As for the visiting politicians, they left as rapidly as they came following their whirlwind visits, leaving the people that really run the country to get on with their lives.

 

 


24th February 2011

 The connection between Somerset and the Middle East may seem somewhat remote but the recent troubles sweeping through that region arouse not too distant memories. In 2006 similar troubles arose in Lebanon which involved the rapid evacuation of British nationals from that country. The response of the Government of the day was swift. Naval ships including aircraft carriers, (we still had both in service at that time), moved into that area of the Mediterranean Sea. I also recall watching from my garden, a flight of Sea King helicopters from the Royal Naval airbase at Yeovilton which adjoins my property, leave in formation on a 24 hours flight to Cyprus. At that time the Sea King helicopters were about 25 years old but have proved to be an immensely reliable workhorse. The flight involved a number of refueling stops in various Nato countries but despite the long distance, the Sea Kings managed the flight with ease. The following day the helicopters were involved in ferrying stranded British nationals from the troubled shores of Lebanon.

Now only five short years on and again we have need to evacuate British nationals but this time from Libya currently being torn apart by internal strife. What is the Government response this time? It is a very weak, swift on words but short of action response as one might expect from a government constantly trying to appease its coalition partner. Other European governments took immediate steps to evacuate their nationals while our government was still trying to charter aircraft. Five years ago troubles abroad were foreseen and an aircraft carrier was moved into the area in advance to assist in evacuation. Now we have reduced aircraft carriers with no aircraft and a reduced naval fleet. We still do have large transporter aircraft which could be used in an emergency although the government is closing some of their bases.

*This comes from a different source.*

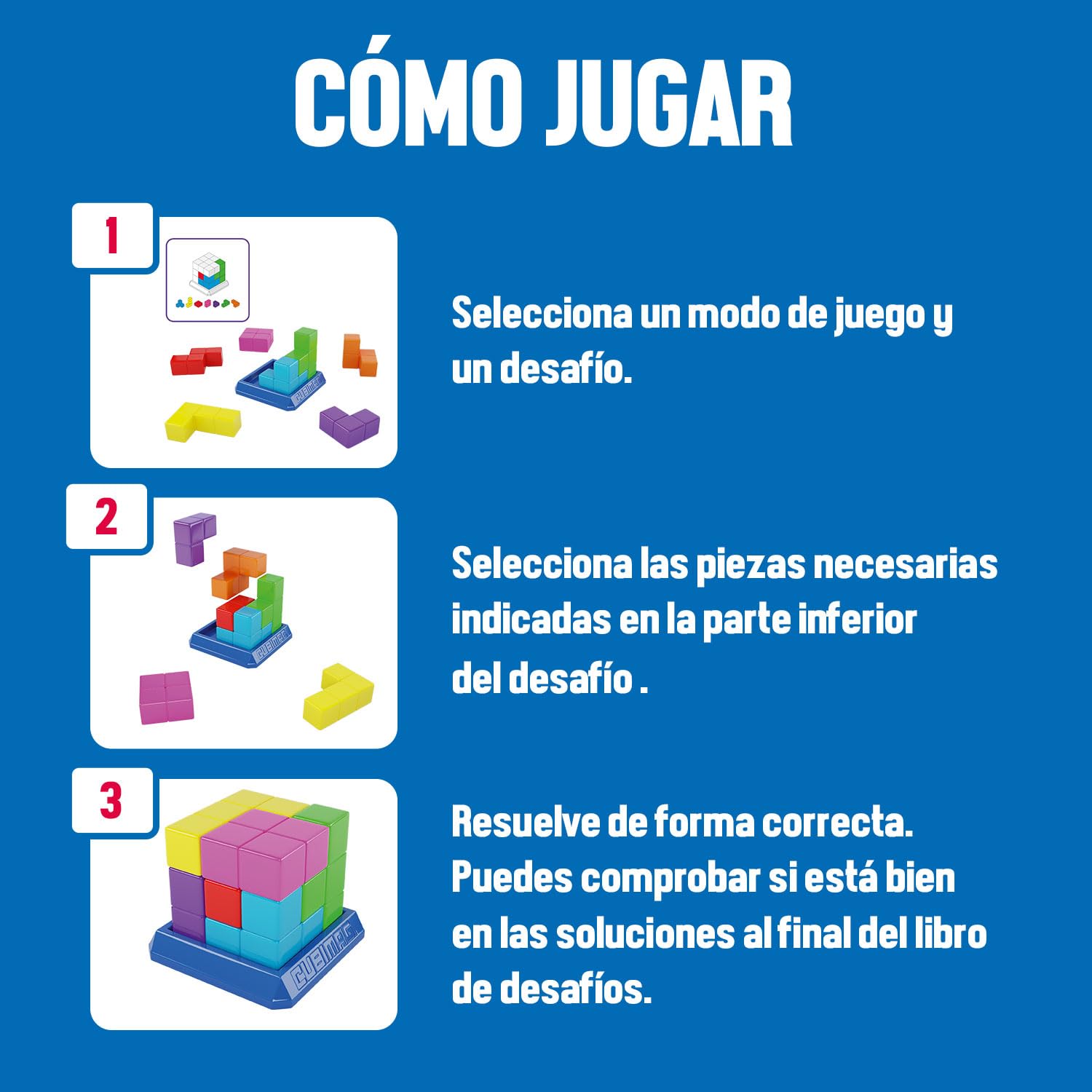 Ludilo - Cubimag Mini | Juego Mesa 8 Años O Más | Rompecabezas Adultos con 2 Modos De Juego | Juegos De Mesa Adulto | Juegos De Ingenio con 136 Desafíos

However, being stranded at Tripoli Airport as upheaval and bullets tear the city apart does not appear to be deemed a sufficient enough emergency to use the transporter aircraft.

I do hope this Government never have to deal with a real national crisis, but I do foresee if the Alternative Voting system (AV) is accepted in a forthcoming referendum, we can constantly expect similar indecisive action from a string of coalition governments that will be inevitably be elected as a result.